> Werner Brähler: Marsch in Gefangenenkolonne 1945

Werner Brähler: Marsch in Gefangenenkolonne 1945

Dieser Eintrag stammt von Werner Brähler (*1925 ) aus Bendorf-Sayn, März 2010 (Homepage: www.ausmeinerzeit.de):

Nach meiner Gefangennahme durch die Rote Armee Anfang Februar 1945 östlich von Frankfurt a.d. Oder mussten wir in Kolonne nach Posen marschieren. In Tagesmärschen von 15-20 km marschierten wir an den von uns erdachten Zielpunkten vorbei. Beim Anbruch der Dämmerung wurden wir in Gutshöfe oder einzeln stehende größere Bauerngehöfte untergebracht, die von den uns begleitenden russischen Wachsoldaten gut zu kontrollieren waren. Außer einem täglichen Stück Brot gab es keine Verpflegung, kein warmes Essen und nur ab und zu etwas Wasser, was wir uns auf einer Viehweide oder aus einem Brunnen entnehmen durften. Die Verrichtung der Notdurft war nur 1-2-mal am Tag gestattet und vollzog sich unter entwürdigenden Umständen. Die Marschkolonne musste anhalten, links oder rechts umdrehen, und bei einem Abstand von 1 1/2 m zum nächsten Mann konnte abgeprotzt werden. Als Toilettenpapier nahmen wir Gras oder Pflanzenblätter.

Schon nach 2 Tagen konnten einzelne Verwundete das Marschtempo nicht mehr mithalten und blieben am Ende der Kolonne ein paar wenige Meter zurück. Daraufhin wurden sie von russischen Soldaten, die den hinteren Abschluss kontrollierten, erschossen und in den Straßengraben geworfen. Alle Proteste von uns nützten nichts. Wir organisierten eine Selbsthilfe, indem wir die verwundeten Kameraden stützten oder zeitweilig sogar trugen. Aber viele von uns waren selber durch die Strapazen und der unzureichenden Verpflegung geschwächt und konnten auf die Dauer solche Belastungen nicht verkraften. Hinzu kam, dass wir beim Passieren von Ortschaften von anderen russischen oder polnischen Soldaten und polnischen Zivilisten belästigt, verhöhnt, geschlagen und auch von Polen mit Steinen und anderen Gegenständen beworfen wurden. Einige von uns wurden dabei erheblich verletzt.
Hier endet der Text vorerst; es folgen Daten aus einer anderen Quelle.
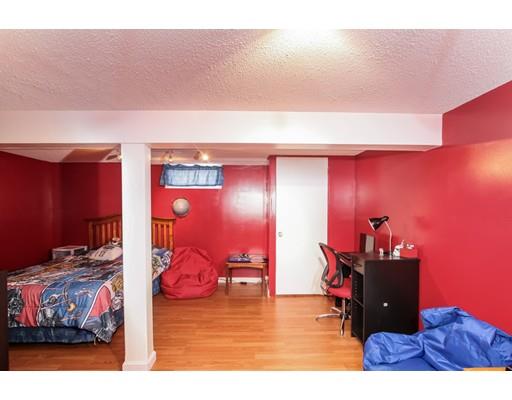 130 Garnet St, Springfield, MA 01129 photo 20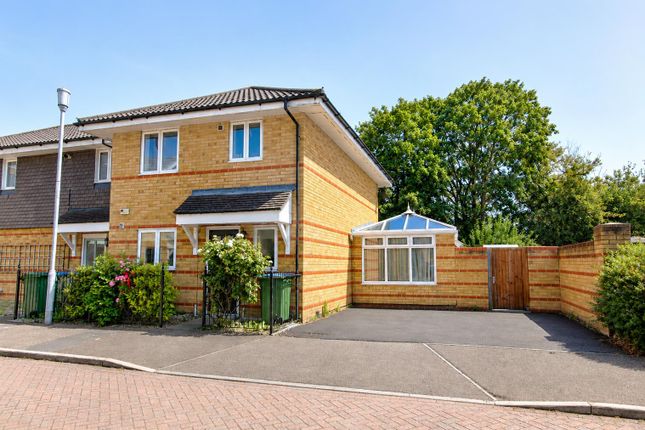 3 bed property, in Stanley Close, £495,000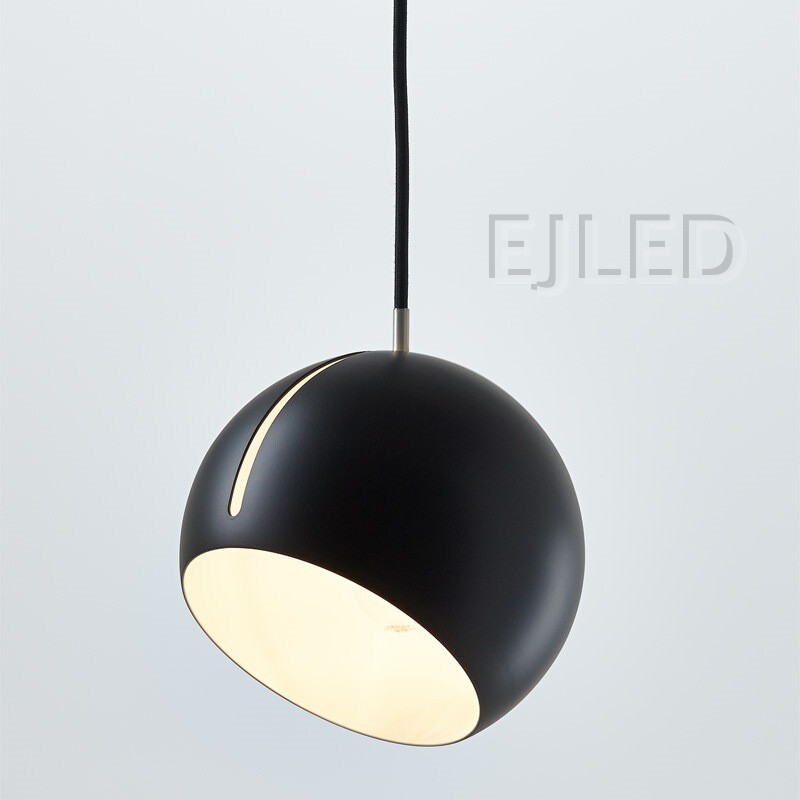 Esta lámpara colgante redonda de aluminio tiene una pantalla esférica con abertura inclinada y una ranura curva iluminada. Cuelga de un cable único a juego. - view 5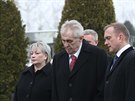Prezident Milo Zeman s manelkou Ivanou a hradním protokoláem Vladimírem...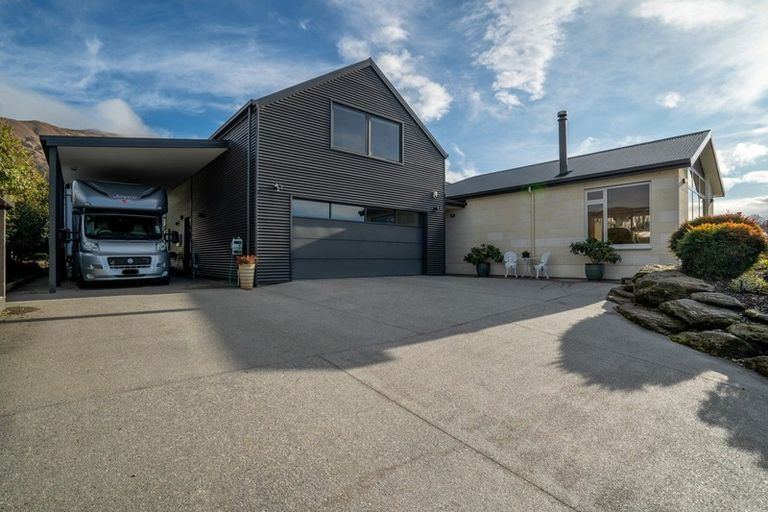 Photo of property in 22 Old Station Avenue, Wanaka, 9305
Die Bewacher wollten oder konnten diese Eingriffe nicht verhindern, weil wir manchmal regelrecht durch ein Spalier gehen mussten. Von allen Seiten kamen Schläge auf uns zu. Diese Ortschaften waren für uns ein Horror. An den Straßenrändern lagen vergewaltigte Frauen, die Röcke bis an die Brüste hochgezogen, erschossen, erschlagen oder erstochen im Dreck. Unsere Ohnmacht wurde uns nie deutlicher bewusst, als bei diesem langen Marsch. Vielleicht gerade darum wurde die Disziplin unter den Gefangenen wieder größer. Abscheu, Hass und Ekel über unsere "Sieger" gewannen vorübergehend wieder die Oberhand. Aber schon beim nächsten Lebensmittelfund, der von den Plünderern im Straßengraben geworfen war, änderte sich das wieder. Weck-Gläser mit Obstinhalt, die hier lagen, entwickelten wieder ein Chaos unter den Gefangenen. Es kam vor, dass die Wachposten blindlings schossen, und so mancher Unbeherrschte dabei verwundet wurde. Andere, die gierig sich den Inhalt eines solchen Glases während des Marsches einverleibten, bekamen einen Tag später Durchfall und mussten außerhalb der von den Wachposten tolerierten Notdurft-Pause aus der Kolonne ausscheren, blieben zurück, und wurden dann meistens erschossen.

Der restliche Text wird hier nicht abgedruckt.